No, no one drowned in Stone Lake Wednesday.

Sure, there was a presence of Great Bend Fire Department equipment and personnel in scuba gear at the lake Wednesday and Thursday mornings. But, Captain Jim Schmeidler said the firefighters were there for training.

“We have four new divers,” he said. “We’re just getting them acclimated with our equipment.”

The quartet joins the department’s eight other experienced divers. Wearing flippers, air tanks, masks, weights and other gear, the veterans stood at the shore’s edge with the newbies, giving them last-minute pointers before they submerged into the murky green water.

First, the new divers took an open-water diving class at Barton Community College. “Then, when they are able to dive, we teach them the rescue diving,” said Schmeidler, who was helping with the instruction.

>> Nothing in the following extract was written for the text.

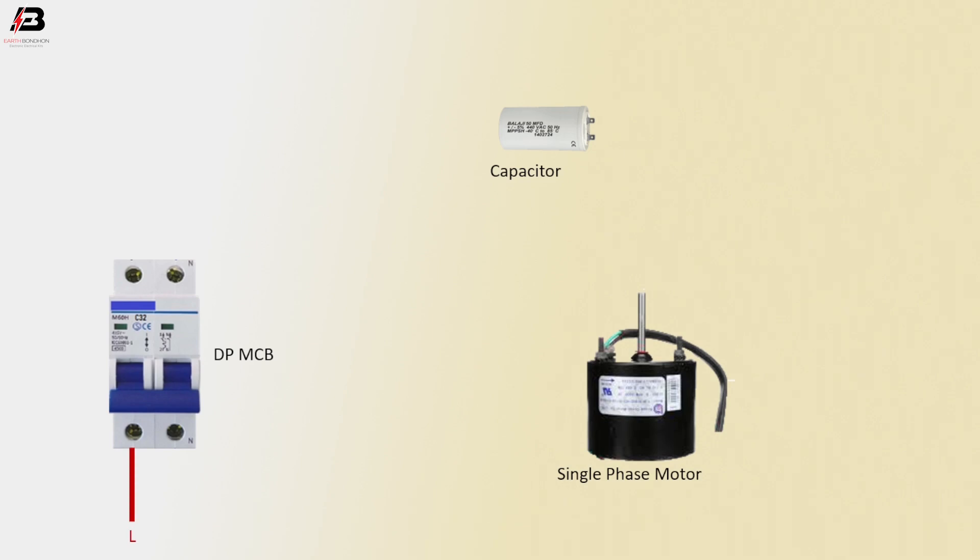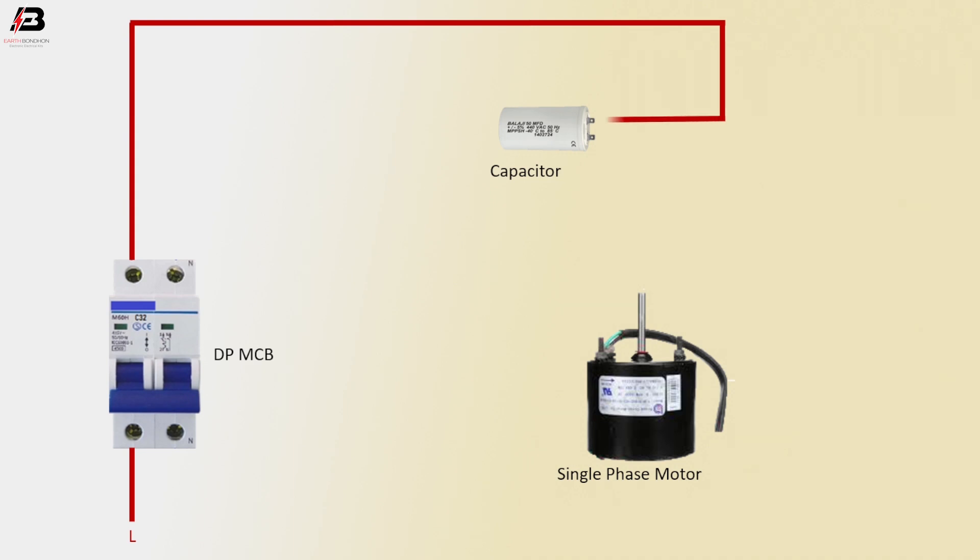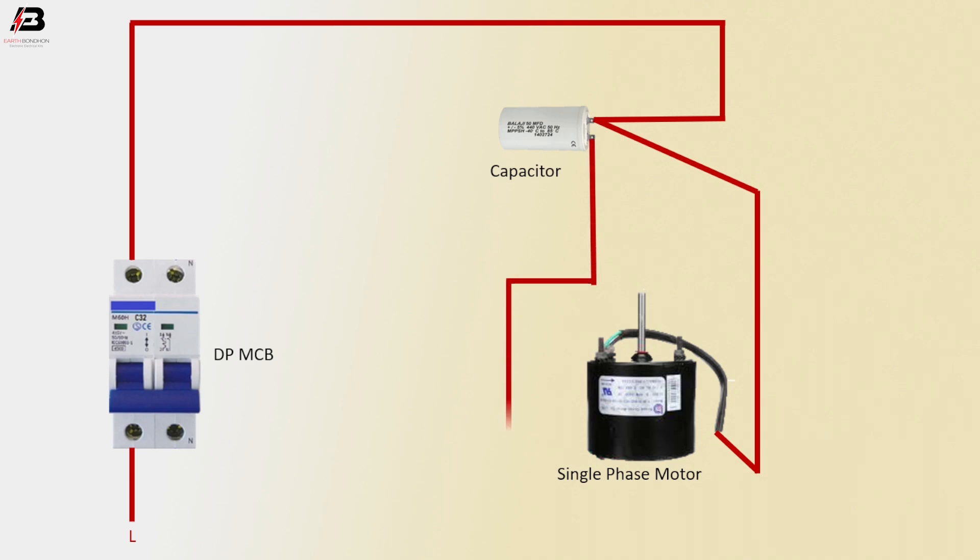Phase connection goes to the double pole MCB. Phase connection outgoing from the double pole MCB connects to the capacitor. Another connection goes from the capacitor to the single phase motor, and another outgoing connection from the capacitor also connects to the single phase motor on the other wire.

This is not a simple process.

“The water is really muddy,” said fellow instructor Captain Eric Yoder. “Visibility can be three feet or less. Sometimes you are going only by feel.”

And, he said, its about more than training for those under the surface. In these poor conditions, often the only communication they have with those up top is via tugs on a rope connected to their diving rigs.

“So, the guys on the shore have to know what is going on as well,” Yoder said.

The beginners were not the only ones getting wet, Schmeidler said. They schedule four practice dives each year so all 12 divers can hone their skills and stay sharp.

In addition, he said the department just purchased new dry suits for winter diving. At some point, they will go to a swimming pool and work with these.

“We just want to be ready when needed,” Schmeidler said.